In line with the study of Kao and Jurafsky (2012), Dalvean (2013) attempted to demonstrate how computational measures may be capable of creating a continuum of features of being a professional or amateur in nature, so that the poems can be ranked on a linear graded scale. While Kao and Jurafsky (2012) focused on only ‘successfully distinguishing’ the professional poems from the amateur ones by means of computational measures, Dalvean (2013) went further to fine tune with the measures so that each of the poems can be ranked with respect to the others. Dalvean took a much wider range of linguistic and psycholinguistic variables than Kao and Jurafsky, and offered a fully ranked list, based on the Logit score from robust statistical models using the target variables, of a representative sample of contemporary American poems.

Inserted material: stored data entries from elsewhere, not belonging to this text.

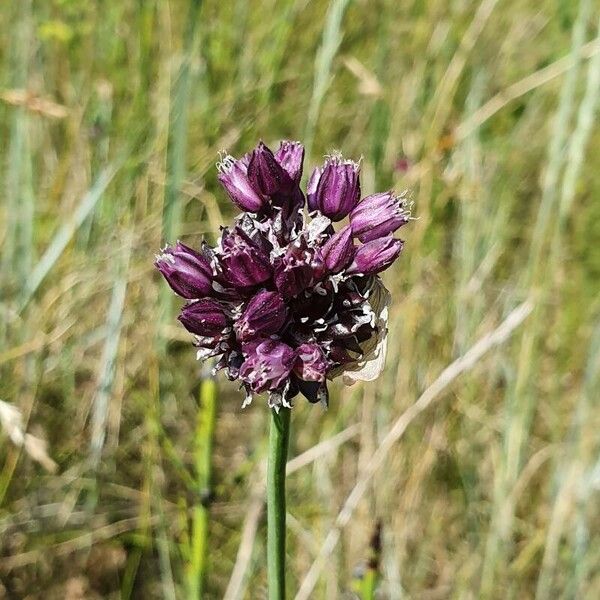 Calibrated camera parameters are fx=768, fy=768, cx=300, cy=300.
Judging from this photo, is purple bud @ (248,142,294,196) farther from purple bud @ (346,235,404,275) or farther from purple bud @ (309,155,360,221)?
purple bud @ (346,235,404,275)

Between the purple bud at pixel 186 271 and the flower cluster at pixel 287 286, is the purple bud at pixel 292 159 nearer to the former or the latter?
the flower cluster at pixel 287 286

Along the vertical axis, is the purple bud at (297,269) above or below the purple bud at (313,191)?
below

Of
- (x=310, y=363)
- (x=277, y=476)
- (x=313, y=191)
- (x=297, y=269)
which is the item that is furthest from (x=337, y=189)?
(x=277, y=476)

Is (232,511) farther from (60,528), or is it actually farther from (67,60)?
(67,60)

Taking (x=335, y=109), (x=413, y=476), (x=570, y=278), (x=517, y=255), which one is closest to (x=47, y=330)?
(x=413, y=476)

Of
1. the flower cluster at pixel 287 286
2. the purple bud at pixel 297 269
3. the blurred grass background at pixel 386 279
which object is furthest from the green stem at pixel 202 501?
the purple bud at pixel 297 269

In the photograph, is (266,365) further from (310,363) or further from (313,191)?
(313,191)

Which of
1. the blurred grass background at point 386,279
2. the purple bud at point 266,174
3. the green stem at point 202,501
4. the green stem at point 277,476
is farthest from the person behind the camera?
the blurred grass background at point 386,279

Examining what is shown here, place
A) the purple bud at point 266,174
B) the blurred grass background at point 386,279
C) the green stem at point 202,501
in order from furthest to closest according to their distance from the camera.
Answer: the blurred grass background at point 386,279 → the green stem at point 202,501 → the purple bud at point 266,174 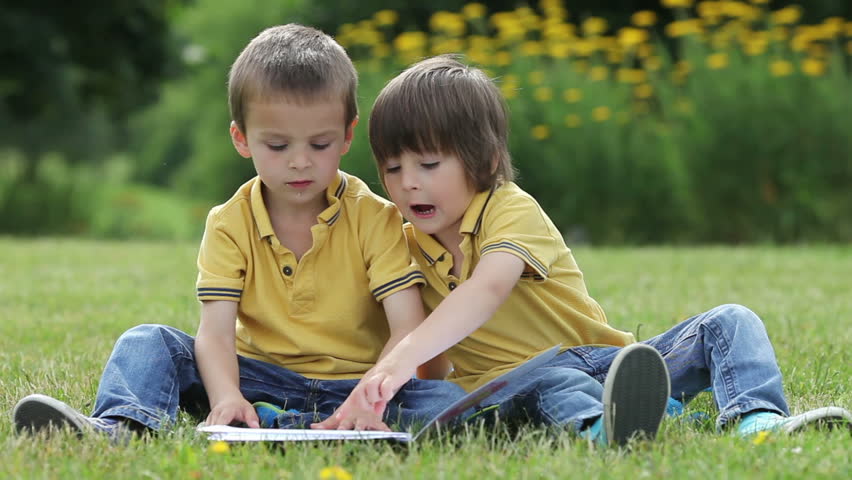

Though a number of studies, including the ones cited above, have targeted the computational analysis of the stylistic features in poetry, there have not been much research on analyzing linguistic complexity in poetical works from computational perspective so far; and, this study took interest in addressing this very area.

 

Objective

Basically, this study aims to investigate whether Pope used a more complex language in his poetry than Wordsworth, by means of the computational measures. In other words,

Does computational measure of linguistic complexity indicate that Wordsworth is linguistically simpler/more complex than Pope?

If yes, what aspects of language contribute to the simplicity/complexity? 


 METHOD

Text corpus

The corpus for this study consisted of some selected digitized textsby the poets concerned. The texts were collected primarily from Project Gutenberg  archive  (www.gutenberg.org). The  corpus for Wordsworth consisted of his poems in the 1800 edition of Lyrical Ballads (Wordsworth, 1800a, 1800b), and the fourteen books of The Prelude collected from Bartleby online archive (Wordsworth, 1850). Pope’s texts in the corpus included all the poems from one single volume of collected poems as available on the Project Gutenberg archive (Gutenburg, 2014). The total number of poems for Wordsworth was 90, and for Pope, it was 38; however, though Wordsworth had greater number of poems in the whole corpus, most of Pope’s poems were greater in length than the individual poems by Wordsworth.

 

Tools

R (R Core Team, 2014) was used as the primary software for processing the texts as per the requirement of analytical framework, and for running statistical tests where necessary. The R packages ‘ggplot2’ (Wickham, 2009) and ‘gridExtra’ (Auguie, 2012) were used for plotting purposes. Alongside, the Stanford POS Tagger (Toutanova, Klein, Manning, & Singer, 2003) was used to tag the parts of speech of the words in the corpus.

 

Pre-analysis text processing

Since the texts from Project Gutenberg archive were just a collection in ‘Plain Text UTF-8’ format without any patterned encodings to differentiate the texts of the individual poems, the corpus was manually inspected to mark up (with some consistent codes) the beginnings and endings of individual poems. Then, any metadata available were excluded, and the texts of the poems were extracted from the corpus using regular expressions in R.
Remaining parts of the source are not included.